Have they got a respiratory infection such as pneumonia and how can you spot and treat it?

You’re bound to be worried if a loved one with dementia develops a respiratory infection such as pneumonia. Here’s what you need to know about the symptoms and treatments

In a nutshell

Pneumonia is a serious repiratory infection which is common in elderly people. It affects those with a weakened immune system or other underlying health conditions such as Alzheimer’s or dementia. There are two basic types of pneumonia – bacterial and viral.

Viral pneumonia

Viral pneumonia tends to occur more in cold, winter months and can be caused by some of the viruses which are responsible for colds and flu. Viral pneumonia is the most common cause of pneumonia in children and it’s usually mild.

Bacterial pneumonia

This tends to be more common and can be the most serious sort of pneumonia, though it can often be treated with antibiotics. In fact, there is now a vaccine to protect against one of the most common forms of bacterial pneumonia which is streptococcus pneumonia.

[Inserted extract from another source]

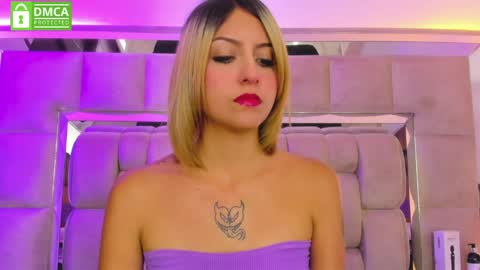 DANIELA online show from 4, 4, 2026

Elderly people may be at greater risk of bacterial pneumonia if they are already in hospital or living in a care home. Sadly the bacteria which cause this type of so called ‘hospital acquired’ pneumonia tends to be more resistant to antibiotic treatment.

Good to know

One of the main reasons elderly people develop pneumonia while they’re in hospital or a care home is because they’re spending too much time lying in bed. The simplest way to reduce the risk is to get them up and moving around as much as possible. Even sitting upright in a chair, (so their lungs can expand more easily, and it’s easier to cough and clear the lungs) could be a good help.

Aspiration pneumonia

Aspiration pneumonia (also called bronchopneumonia) is caused when food or liquid is breathed in and goes down the windpipe rather than the food pipe. Although generally rare, aspiration pneumonia is unfortunately more common in people with dementia or Alzheimer’s disease. This is because a condition called dysphagia causes difficulties with swallowing, which can make it more likely for them to breathe food and drink in.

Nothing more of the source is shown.